Proving that it’s never too late to try something new, the Open Air Theatre kicks off its ninety-second season with something it’s never done before: staging a show in March. ‘Bear Snores On’ is, to be clear, a short play for children aged four-plus that will only run during the daytime and should therefore allay any serious thread of hypothermia. Nonetheless, they’ll be advised to wrap up warm for this adaptation of Karma Wilson’s picture book, which has music and lyrics by Harry Blake and a book by Katy Sechiari and big name actor Cush Jumbo. Beginning on the lawn rather than the theatre stage, it does move inside somewhere warmer, following a mouse as it looks for somewhere to hide from the cold… and hits upon a cave with a large, furry occupant.

Twelfth Night

  • Shakespeare

Timothy Sheader’s final Open Air Theatre season is quite a classic one in terms of programming, which means we’re getting the ever-delightful outdoor venue’s first Shakespeare play for adults since ‘Henry V’ in 2016 (when it opened 92 years ago the OAT was Shakespeare-only).

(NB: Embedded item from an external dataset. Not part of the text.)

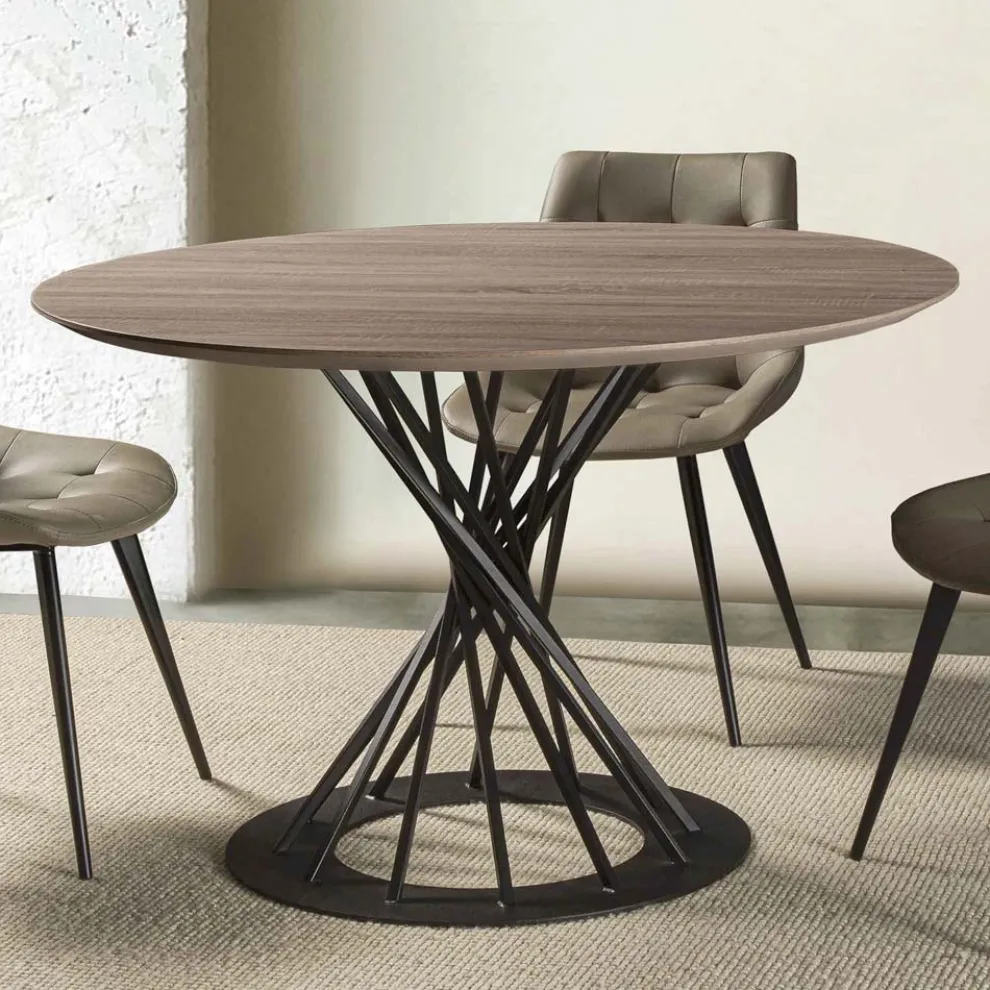 Runder Esstisch mit laminierter Holzplatte und Stahlsockel - Mileto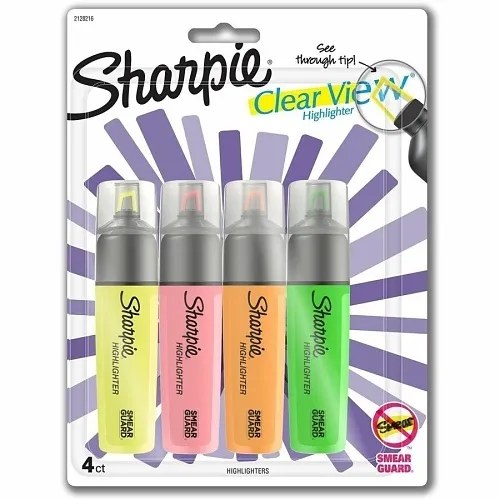 Sharpie 2128216 Clear View Stick Highlighters, See-Through, Tank, Assorted Colors, 4-Piece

We know very little about this production of Shakespeare’s beloved ‘serious comedy’, but it’ll be directed by RSC veteran Owen Horsley, and the blurb suggests it'll be drenching the story of Viola’s shipwrecked arrival in Illyria in some serious Mediterranean summer vibes (and thus technically relocating Illyria a few hundred miles south west).

The Enormous Crocodile

  • Children's

This musical adaptation of Roald Dahl’s picture book isn’t the big budget blowout that the NT’s recent ‘The Witches’ was. But the Leeds Playhouse co-production – with songs by Ahmed Abdullahi Gallab and book and lyrics by Suhayla El-Bushra – promises to be a lot of fun regardless, bringing Dahl’s tongue-in-cheek but ruthlessly uncosy story about the titular croc’s child-eating exploits to life with the aid of puppets by Toby Olié, who co-directs with Emily Lim. Ages four-plus.

The Secret Garden

  • Drama

The Open Air Theatre is going big on family-friendly shows this summer, with a major new adaptation of Frances Hodgson Burnett’s children’s novel about spoiled ten-year-old Mary Lennox, who is abruptly sent to live in rural Yorkshire with an uncle she’s never met, where she finds solace in nature. Holly Robinson and Anna Himali Howard adapt, in what one would expect to be a fairly politically charged production that’s directed by Howard. For ages ten-plus.

Fiddler on the Roof

  • Musicals

The final show of Timothy Sheader’s Open Air Theatre reign is – what else – a musical, a form he’s done so much to champion since taking over the hitherto Shakespeare-centric venue almost two decades ago. Sheader won’t himself be directing this revival of Bock and Stein’s immortal musical following the life of Teyve, a Jewish milkman living in the shtetl in the early twentieth century. Nor do we know anything about Jordan Fein’s revival, conceptually speaking. But you can be sure of a crowdpleaser, with much-loved songs like ‘If I Were A Rich Man’ and ‘Tradition’ all present and correct.